* **Work request**: Repeat exactly the lines of the entries below from the one with "31 Riviera Drive" through the one with "craftsman-style house with", both ends included, and nothing else.

* **Given data**:
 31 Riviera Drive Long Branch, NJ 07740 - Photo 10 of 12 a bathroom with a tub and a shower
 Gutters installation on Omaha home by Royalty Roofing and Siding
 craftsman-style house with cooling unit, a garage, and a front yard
---
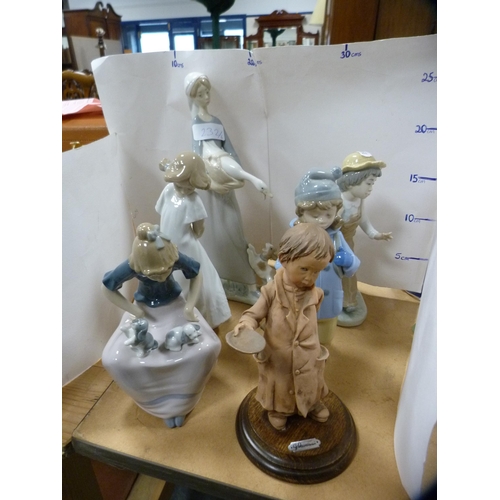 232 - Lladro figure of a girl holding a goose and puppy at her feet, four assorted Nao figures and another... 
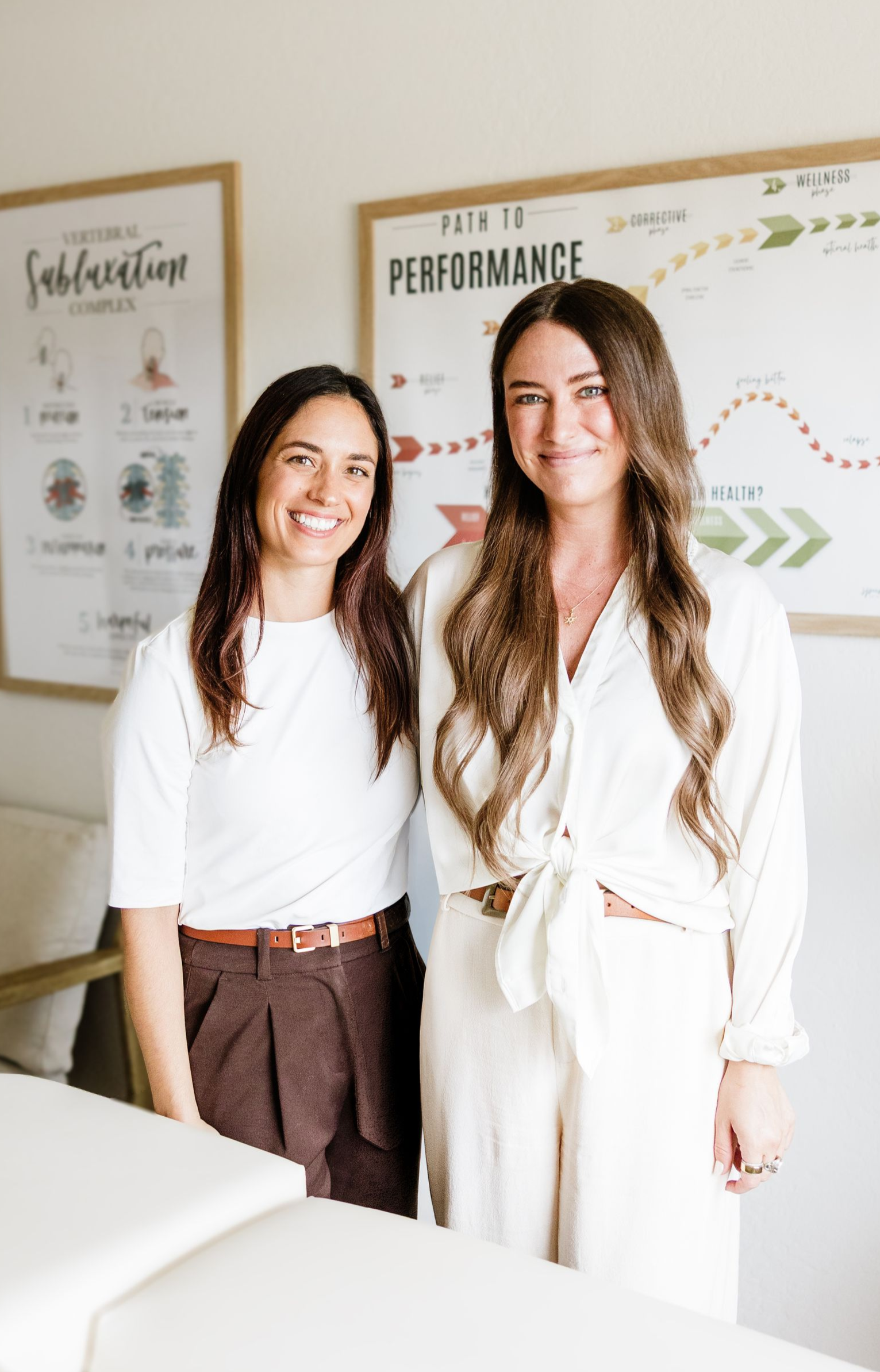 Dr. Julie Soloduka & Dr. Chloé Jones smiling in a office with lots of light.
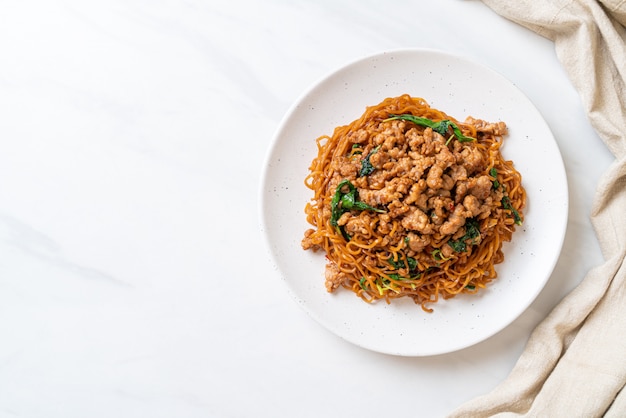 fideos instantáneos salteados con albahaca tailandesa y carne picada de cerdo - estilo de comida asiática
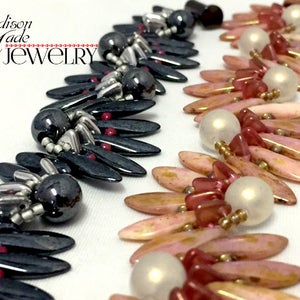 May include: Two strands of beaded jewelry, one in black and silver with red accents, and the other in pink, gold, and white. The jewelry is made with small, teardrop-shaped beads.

* **Answer for this exercise**:
 31 Riviera Drive Long Branch, NJ 07740 - Photo 10 of 12 a bathroom with a tub and a shower
 Gutters installation on Omaha home by Royalty Roofing and Siding
 craftsman-style house with cooling unit, a garage, and a front yard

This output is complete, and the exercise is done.